We've always lived in really small houses, hard to get in trouble when mom is only 5 feet away from every room.

Ds was about 4 when I started letting him get up without one of us being awake. He's the sort of kid that it would never have occurred to him to do something he shouldn't. He just didn't have it in him. When dd started getting up without me at about 2, ds would give her some cereal and they would watch tv together.

By necessity I had to take the dog out and leave ds in the house, so he was 2 when I started doing that. I can see the play area from my window, so at about 4 I let them play out in the "woods" alone. I just let dd go super far (about 150 yards away, but there are houses in the way so I can't see where she is) last week, she's 8. Ds is almost 13 and he has the run of our town, as far as his bike will take him. There is one street he's not allowed to cross, heck, I hate crossing it in the car.

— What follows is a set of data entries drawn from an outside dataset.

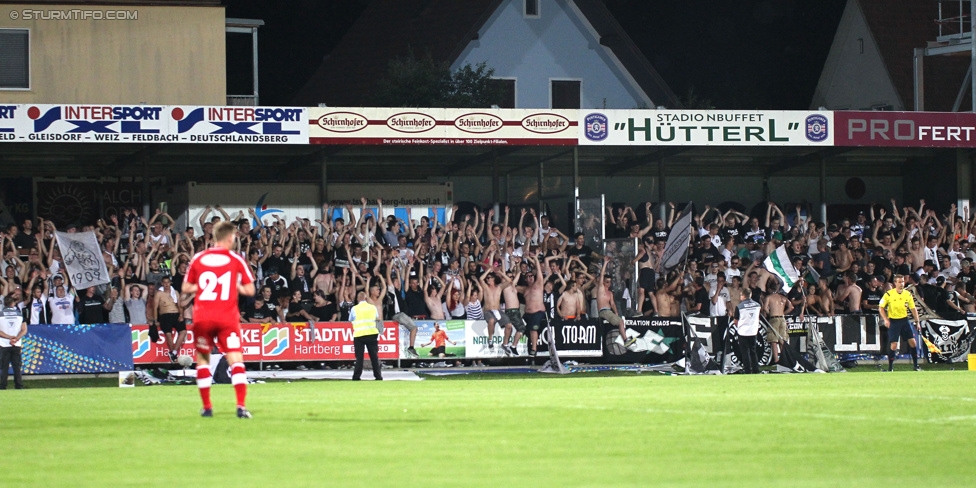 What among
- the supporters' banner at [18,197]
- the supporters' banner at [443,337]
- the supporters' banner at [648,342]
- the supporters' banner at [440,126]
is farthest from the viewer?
the supporters' banner at [18,197]

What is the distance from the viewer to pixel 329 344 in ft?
83.6

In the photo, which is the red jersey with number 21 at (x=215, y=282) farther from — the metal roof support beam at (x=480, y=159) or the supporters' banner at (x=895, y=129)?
the supporters' banner at (x=895, y=129)

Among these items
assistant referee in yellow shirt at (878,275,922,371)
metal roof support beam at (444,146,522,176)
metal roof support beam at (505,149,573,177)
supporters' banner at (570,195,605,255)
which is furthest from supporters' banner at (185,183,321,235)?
assistant referee in yellow shirt at (878,275,922,371)

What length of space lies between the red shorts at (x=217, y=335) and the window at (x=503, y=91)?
104 ft

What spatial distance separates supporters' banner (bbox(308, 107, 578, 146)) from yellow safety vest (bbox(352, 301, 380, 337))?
882 centimetres

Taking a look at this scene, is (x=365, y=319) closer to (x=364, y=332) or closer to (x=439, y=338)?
(x=364, y=332)

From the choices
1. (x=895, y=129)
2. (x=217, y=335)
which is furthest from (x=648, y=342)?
(x=217, y=335)

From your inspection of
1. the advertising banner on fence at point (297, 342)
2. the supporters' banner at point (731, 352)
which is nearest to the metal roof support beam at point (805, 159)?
the supporters' banner at point (731, 352)

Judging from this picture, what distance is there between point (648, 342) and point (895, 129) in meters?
10.3

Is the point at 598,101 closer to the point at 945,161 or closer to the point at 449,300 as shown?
the point at 945,161

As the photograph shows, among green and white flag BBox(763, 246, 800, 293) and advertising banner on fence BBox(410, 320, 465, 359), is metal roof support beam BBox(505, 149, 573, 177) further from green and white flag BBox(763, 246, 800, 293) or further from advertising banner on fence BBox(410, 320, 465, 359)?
advertising banner on fence BBox(410, 320, 465, 359)

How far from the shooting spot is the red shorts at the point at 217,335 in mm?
11953

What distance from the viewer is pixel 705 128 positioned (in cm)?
3177

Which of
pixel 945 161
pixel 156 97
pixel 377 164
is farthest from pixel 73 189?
pixel 945 161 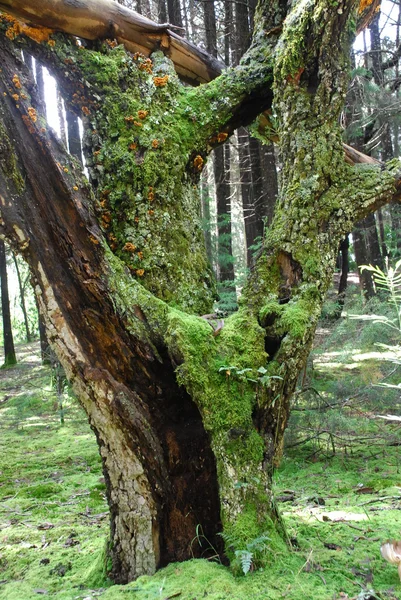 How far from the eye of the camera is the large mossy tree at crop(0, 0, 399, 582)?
2381 millimetres

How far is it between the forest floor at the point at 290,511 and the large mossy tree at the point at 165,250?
0.25m

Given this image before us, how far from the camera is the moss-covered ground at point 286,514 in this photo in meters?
2.16

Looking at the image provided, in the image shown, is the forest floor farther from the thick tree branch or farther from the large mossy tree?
the thick tree branch

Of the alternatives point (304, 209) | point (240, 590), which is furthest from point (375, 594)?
point (304, 209)

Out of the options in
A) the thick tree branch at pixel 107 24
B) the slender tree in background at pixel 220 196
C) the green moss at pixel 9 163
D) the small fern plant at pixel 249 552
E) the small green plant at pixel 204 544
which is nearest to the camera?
the small fern plant at pixel 249 552

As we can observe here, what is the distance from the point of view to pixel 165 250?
2816mm

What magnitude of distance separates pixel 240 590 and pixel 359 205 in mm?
2280

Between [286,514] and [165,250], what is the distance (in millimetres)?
2176

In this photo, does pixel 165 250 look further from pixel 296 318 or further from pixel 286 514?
pixel 286 514

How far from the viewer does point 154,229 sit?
280 cm

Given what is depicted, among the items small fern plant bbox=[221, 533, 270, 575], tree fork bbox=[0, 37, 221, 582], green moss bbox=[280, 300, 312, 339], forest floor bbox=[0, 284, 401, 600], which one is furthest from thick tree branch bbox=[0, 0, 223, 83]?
small fern plant bbox=[221, 533, 270, 575]

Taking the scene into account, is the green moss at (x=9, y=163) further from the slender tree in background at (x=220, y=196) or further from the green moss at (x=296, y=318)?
the slender tree in background at (x=220, y=196)

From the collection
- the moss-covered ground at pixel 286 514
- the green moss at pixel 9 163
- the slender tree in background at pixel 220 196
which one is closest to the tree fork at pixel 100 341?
the green moss at pixel 9 163

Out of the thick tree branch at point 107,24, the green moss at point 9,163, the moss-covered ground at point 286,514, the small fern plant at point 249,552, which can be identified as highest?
the thick tree branch at point 107,24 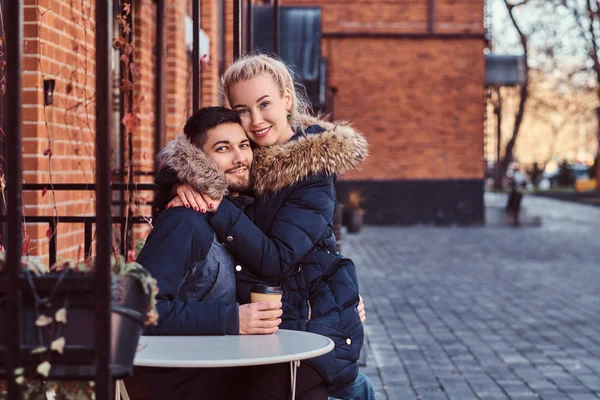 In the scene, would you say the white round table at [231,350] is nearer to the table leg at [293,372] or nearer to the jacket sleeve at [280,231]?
the table leg at [293,372]

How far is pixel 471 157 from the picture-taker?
2052 cm

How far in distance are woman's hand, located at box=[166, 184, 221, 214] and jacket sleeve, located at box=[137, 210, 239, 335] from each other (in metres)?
0.05

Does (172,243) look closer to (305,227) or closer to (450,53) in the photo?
(305,227)

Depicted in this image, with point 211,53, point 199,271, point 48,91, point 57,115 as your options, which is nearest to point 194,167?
point 199,271

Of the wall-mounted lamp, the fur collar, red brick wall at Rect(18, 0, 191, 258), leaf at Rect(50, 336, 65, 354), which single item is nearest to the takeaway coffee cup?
the fur collar

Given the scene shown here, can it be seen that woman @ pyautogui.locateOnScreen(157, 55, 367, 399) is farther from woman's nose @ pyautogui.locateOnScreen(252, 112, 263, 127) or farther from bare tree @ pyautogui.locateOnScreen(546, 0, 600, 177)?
bare tree @ pyautogui.locateOnScreen(546, 0, 600, 177)

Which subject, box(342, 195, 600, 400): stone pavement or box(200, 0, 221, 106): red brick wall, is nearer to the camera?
box(342, 195, 600, 400): stone pavement

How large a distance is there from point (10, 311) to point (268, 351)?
832 millimetres

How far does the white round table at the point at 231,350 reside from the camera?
2373mm

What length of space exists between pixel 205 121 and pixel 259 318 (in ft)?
2.28

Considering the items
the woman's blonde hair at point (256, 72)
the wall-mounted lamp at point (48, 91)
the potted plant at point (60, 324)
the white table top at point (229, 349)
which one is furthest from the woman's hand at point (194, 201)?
the wall-mounted lamp at point (48, 91)

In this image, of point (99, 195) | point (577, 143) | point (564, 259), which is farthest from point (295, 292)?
point (577, 143)

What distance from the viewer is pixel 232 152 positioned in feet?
9.74

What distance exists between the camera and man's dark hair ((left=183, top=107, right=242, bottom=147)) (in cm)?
294
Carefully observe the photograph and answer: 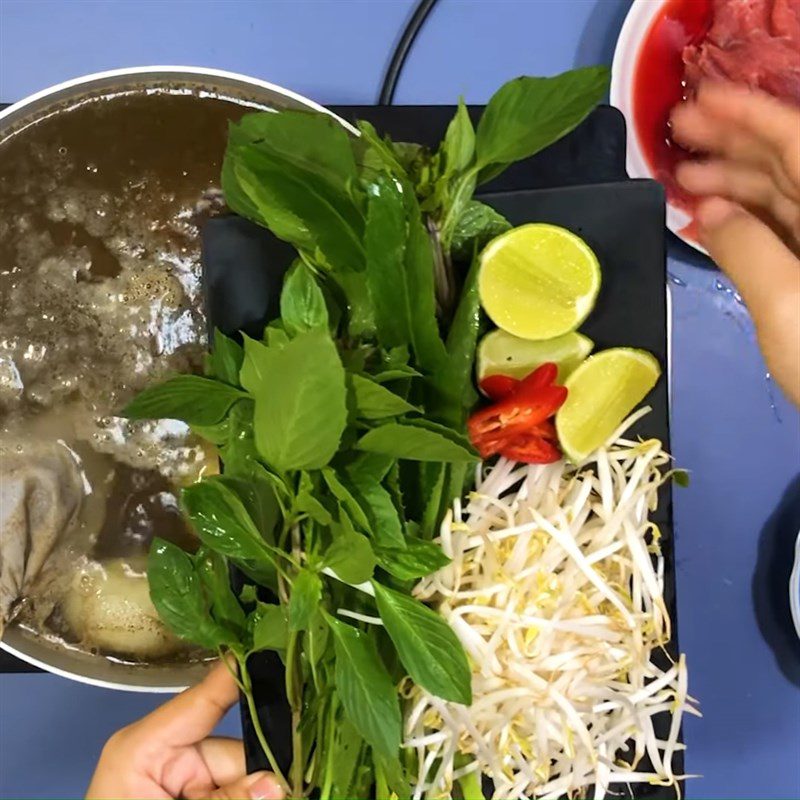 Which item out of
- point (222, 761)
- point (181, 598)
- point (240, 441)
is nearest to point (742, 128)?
point (240, 441)

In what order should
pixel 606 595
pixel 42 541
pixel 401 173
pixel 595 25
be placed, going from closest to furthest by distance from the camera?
1. pixel 401 173
2. pixel 606 595
3. pixel 42 541
4. pixel 595 25

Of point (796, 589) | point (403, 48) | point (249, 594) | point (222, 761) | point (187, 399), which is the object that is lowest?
point (222, 761)

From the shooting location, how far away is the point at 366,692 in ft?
2.04

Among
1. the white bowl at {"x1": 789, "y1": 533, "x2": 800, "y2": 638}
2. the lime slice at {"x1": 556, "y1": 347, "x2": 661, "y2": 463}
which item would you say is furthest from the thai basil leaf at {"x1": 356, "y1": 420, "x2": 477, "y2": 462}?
the white bowl at {"x1": 789, "y1": 533, "x2": 800, "y2": 638}

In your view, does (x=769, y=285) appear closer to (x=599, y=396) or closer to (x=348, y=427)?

My answer is always going to be "it depends on the kid". My nephew couldn't handle any sort of responsibility, my ds was made for responsibility.


----------



## CA Country Girl (Aug 13, 2011)

I have a related one? My DD1 is 7.5. Can I leave her and my 16 month old DD in the car to dash in to pay for gas? Any longer? It would be so cool to leave a big kid playing a video game with a sleeping toddler for a few minutes to run an errand. I trust my DD, and my mom did this stuff all the time- even left my brother and I in the car while she grocery shopped at like 6 and 8 when we were fighting. I am wondering when nosy old ladies won't go grab a cop on me. Or at least when that cop would laugh her off.


----------



## AllisonR (May 5, 2006)

Quote:
Originally Posted by *mamazee* 

This is kind of related to the drinking thread but I have more thoughts unrelated to thinking.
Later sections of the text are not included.